THE DATA
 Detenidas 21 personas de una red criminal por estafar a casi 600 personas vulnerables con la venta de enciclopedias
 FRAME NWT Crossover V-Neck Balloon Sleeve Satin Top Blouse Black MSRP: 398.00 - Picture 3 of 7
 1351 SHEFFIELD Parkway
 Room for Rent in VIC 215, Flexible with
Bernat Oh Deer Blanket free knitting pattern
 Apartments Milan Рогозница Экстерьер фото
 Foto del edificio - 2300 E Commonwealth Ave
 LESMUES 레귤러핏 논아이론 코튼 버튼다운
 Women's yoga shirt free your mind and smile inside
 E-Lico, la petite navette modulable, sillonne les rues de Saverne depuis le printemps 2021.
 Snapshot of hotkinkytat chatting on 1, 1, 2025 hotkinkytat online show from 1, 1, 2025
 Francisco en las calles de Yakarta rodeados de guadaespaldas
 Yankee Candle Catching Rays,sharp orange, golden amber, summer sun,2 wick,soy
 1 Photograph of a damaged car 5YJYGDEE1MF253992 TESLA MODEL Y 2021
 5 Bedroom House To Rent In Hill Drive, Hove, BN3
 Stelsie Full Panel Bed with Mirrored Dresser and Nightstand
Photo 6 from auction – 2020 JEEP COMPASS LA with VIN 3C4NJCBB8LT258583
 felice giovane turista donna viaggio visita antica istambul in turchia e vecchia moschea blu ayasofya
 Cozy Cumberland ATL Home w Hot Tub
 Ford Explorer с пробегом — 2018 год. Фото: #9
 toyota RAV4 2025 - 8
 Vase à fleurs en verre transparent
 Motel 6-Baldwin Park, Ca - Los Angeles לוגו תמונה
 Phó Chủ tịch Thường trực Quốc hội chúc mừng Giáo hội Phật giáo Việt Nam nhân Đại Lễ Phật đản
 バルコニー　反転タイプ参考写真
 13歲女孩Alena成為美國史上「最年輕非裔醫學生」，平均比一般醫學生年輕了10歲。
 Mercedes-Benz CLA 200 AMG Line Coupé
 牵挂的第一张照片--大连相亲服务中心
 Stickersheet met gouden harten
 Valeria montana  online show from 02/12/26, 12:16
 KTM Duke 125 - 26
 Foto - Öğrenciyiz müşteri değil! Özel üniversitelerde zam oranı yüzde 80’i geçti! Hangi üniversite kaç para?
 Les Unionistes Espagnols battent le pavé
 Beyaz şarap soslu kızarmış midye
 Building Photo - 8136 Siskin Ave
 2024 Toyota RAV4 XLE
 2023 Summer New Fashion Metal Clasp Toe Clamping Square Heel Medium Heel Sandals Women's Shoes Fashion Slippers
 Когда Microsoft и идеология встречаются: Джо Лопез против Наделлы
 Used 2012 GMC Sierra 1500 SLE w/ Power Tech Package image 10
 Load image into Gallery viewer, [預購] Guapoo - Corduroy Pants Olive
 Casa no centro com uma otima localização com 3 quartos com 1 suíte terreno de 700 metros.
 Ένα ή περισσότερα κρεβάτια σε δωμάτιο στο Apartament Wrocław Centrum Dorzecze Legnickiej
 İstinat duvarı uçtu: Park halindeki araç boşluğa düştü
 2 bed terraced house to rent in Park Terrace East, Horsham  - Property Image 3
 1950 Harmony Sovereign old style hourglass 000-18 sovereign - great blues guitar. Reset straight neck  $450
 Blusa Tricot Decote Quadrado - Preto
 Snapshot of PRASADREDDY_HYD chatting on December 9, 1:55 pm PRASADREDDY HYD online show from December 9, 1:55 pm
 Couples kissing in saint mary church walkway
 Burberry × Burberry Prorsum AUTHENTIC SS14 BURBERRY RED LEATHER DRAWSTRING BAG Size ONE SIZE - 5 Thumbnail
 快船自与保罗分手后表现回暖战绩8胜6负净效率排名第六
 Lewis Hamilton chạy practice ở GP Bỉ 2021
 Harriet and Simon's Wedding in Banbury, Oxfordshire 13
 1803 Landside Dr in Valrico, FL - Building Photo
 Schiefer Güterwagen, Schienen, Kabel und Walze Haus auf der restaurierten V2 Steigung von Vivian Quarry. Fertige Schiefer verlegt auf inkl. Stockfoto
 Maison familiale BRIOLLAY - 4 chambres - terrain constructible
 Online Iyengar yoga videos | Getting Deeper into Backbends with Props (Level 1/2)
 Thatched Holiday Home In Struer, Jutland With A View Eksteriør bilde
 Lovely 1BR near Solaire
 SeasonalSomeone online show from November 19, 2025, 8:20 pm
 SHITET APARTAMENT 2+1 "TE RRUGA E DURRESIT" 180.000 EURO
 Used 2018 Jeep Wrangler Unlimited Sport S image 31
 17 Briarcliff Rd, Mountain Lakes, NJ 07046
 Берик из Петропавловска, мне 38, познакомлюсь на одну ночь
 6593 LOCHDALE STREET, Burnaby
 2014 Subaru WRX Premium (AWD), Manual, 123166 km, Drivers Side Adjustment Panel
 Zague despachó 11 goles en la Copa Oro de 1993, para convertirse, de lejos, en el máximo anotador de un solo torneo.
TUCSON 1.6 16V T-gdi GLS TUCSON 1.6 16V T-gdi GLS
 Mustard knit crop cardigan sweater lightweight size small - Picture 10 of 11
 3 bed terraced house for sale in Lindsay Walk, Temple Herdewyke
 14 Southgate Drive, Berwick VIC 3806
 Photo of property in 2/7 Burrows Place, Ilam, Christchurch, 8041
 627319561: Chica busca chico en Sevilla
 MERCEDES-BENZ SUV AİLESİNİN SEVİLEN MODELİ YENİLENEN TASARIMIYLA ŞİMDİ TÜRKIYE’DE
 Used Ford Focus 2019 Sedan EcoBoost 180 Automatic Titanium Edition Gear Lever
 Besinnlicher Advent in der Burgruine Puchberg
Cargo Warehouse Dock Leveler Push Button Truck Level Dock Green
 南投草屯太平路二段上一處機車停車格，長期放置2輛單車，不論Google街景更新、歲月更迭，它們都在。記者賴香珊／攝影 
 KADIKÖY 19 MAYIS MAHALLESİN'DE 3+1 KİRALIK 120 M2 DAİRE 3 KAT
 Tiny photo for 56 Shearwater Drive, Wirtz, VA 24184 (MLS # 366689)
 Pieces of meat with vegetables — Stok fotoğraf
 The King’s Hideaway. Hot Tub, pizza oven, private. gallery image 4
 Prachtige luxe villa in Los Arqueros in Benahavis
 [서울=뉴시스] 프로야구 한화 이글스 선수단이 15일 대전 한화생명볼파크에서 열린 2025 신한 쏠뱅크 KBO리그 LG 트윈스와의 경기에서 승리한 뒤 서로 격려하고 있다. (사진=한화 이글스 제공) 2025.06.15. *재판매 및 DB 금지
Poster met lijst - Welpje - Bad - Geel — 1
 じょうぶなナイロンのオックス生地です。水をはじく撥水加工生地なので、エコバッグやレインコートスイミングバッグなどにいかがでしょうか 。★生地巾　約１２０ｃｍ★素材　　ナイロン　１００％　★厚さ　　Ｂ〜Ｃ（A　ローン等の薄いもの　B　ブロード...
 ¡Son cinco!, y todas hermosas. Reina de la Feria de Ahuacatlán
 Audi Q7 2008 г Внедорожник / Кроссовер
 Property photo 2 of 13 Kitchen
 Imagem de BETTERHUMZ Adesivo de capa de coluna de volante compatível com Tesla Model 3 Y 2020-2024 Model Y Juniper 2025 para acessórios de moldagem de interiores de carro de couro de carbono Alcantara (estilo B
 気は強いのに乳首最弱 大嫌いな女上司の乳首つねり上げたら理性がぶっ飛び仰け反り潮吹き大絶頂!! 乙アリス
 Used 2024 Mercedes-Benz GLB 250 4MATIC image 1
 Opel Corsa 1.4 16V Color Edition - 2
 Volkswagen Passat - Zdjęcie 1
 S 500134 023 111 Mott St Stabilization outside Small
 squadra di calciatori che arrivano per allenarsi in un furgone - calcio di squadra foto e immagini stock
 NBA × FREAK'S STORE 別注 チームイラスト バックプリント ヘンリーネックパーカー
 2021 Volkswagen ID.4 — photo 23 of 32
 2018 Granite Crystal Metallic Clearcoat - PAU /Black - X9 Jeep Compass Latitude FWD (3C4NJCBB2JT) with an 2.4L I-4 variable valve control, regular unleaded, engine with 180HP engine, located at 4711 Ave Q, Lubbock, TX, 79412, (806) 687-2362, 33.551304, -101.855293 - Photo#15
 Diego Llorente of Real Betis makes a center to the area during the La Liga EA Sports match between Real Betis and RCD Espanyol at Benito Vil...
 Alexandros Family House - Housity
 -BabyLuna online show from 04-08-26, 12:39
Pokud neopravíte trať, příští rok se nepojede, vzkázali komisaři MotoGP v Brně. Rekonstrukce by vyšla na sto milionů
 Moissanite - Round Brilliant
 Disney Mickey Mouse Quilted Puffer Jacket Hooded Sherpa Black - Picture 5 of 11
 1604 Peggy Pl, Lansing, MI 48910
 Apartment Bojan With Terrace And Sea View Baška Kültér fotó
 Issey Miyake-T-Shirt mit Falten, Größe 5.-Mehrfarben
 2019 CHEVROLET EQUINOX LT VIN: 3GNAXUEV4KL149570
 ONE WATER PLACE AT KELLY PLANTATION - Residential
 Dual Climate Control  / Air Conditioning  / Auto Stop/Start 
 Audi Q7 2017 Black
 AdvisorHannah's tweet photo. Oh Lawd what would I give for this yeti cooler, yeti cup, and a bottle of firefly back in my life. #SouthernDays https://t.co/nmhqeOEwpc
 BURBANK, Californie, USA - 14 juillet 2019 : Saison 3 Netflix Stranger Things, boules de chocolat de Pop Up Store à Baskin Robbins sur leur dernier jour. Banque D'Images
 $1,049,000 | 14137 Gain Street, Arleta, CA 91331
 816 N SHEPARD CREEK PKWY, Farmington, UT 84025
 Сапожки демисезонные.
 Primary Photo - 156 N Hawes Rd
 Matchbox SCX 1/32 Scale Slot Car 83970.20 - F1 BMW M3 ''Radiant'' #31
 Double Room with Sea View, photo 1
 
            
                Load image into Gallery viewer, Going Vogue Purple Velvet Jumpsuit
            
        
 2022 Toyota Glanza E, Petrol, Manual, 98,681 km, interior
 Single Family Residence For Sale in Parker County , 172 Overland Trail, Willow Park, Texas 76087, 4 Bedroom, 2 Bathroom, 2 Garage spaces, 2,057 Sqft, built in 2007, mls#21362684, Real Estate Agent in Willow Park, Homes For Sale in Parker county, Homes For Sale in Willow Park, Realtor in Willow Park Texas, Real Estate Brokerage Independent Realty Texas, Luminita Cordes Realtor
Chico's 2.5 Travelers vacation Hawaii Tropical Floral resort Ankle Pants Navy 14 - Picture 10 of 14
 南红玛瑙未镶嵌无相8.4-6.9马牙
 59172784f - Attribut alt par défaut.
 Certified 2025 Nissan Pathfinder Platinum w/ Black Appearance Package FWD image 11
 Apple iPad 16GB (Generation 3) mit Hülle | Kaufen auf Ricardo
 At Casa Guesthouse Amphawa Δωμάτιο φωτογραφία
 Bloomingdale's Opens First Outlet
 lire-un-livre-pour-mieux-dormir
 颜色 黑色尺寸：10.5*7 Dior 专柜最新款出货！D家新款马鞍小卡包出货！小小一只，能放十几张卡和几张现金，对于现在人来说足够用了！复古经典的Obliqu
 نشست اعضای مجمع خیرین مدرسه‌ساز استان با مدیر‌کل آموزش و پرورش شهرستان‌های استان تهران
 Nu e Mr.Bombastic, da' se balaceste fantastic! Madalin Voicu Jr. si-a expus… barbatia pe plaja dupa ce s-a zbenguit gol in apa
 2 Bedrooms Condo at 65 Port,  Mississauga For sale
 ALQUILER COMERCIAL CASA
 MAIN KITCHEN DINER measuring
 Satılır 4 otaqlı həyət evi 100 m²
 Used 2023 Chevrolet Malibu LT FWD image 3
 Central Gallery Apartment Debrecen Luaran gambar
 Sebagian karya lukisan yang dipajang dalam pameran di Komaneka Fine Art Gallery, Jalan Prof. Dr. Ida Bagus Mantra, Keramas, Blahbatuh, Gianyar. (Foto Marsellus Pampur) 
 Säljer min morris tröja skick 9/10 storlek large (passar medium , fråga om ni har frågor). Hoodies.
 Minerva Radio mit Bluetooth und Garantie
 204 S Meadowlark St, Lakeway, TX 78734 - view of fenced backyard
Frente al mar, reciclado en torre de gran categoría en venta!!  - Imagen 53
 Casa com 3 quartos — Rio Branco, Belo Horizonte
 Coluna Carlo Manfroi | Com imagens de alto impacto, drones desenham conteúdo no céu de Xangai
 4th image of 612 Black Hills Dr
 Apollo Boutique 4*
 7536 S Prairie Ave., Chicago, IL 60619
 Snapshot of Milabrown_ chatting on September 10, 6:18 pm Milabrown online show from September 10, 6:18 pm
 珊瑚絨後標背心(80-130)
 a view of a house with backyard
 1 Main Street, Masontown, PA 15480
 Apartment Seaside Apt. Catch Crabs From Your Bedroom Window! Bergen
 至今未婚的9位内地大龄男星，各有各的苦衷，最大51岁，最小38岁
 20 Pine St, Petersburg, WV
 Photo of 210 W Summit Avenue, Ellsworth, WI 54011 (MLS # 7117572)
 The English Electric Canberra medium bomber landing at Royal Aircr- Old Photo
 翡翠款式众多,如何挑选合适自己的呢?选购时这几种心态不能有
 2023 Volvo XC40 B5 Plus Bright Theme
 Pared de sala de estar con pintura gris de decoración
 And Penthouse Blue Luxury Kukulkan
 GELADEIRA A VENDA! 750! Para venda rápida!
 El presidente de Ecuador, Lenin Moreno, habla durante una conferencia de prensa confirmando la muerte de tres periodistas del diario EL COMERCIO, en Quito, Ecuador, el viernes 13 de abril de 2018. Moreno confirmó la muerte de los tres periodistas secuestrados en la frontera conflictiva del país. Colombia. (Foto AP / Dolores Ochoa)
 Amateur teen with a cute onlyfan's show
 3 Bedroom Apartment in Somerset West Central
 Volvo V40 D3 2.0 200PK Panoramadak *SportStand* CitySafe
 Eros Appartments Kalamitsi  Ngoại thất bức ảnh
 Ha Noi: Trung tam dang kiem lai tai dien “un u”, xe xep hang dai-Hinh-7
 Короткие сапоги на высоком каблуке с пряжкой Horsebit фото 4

ACTIVITY
The range runs from the line above containing "Matchbox SCX 1/32" to the line containing "2022 Toyota Glanza", inclusive. Restate those lines word for word and no others.

EXERCISE ANSWER
 Matchbox SCX 1/32 Scale Slot Car 83970.20 - F1 BMW M3 ''Radiant'' #31
 Double Room with Sea View, photo 1
 
            
                Load image into Gallery viewer, Going Vogue Purple Velvet Jumpsuit
            
        
 2022 Toyota Glanza E, Petrol, Manual, 98,681 km, interior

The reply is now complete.